Exercise: Every line holding the string "Black" should be copied from the listing.

Dataset content:
- - - - -

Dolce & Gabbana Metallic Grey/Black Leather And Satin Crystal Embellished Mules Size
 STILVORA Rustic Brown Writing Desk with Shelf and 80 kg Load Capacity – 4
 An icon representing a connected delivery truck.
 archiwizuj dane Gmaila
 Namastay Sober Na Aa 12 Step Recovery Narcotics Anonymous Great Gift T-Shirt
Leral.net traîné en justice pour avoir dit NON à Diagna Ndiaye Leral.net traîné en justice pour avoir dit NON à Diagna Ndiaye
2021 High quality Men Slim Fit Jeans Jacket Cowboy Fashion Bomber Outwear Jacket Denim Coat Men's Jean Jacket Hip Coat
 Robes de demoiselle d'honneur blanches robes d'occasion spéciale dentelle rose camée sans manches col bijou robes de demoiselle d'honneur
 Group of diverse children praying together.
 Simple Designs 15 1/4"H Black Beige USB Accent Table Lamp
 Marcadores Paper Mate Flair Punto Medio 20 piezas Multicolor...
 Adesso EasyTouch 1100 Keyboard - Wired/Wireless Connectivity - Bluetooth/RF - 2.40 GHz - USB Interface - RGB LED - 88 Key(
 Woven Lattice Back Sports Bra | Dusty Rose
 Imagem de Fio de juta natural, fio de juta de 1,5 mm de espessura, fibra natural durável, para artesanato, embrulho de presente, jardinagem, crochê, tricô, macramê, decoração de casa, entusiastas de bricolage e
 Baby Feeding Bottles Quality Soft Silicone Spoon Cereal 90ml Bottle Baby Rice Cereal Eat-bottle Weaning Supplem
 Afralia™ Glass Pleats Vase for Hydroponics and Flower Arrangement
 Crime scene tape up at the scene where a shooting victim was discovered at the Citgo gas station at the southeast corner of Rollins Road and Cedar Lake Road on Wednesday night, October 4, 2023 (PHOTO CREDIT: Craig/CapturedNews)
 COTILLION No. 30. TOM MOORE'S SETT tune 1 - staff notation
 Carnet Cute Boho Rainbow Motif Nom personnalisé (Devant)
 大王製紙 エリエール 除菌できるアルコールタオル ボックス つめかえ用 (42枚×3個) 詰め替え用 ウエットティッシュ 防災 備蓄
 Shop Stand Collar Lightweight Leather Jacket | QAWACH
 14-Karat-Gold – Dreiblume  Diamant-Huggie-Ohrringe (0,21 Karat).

- - - - -

Exercise answer:
Dolce & Gabbana Metallic Grey/Black Leather And Satin Crystal Embellished Mules Size
 Simple Designs 15 1/4"H Black Beige USB Accent Table Lamp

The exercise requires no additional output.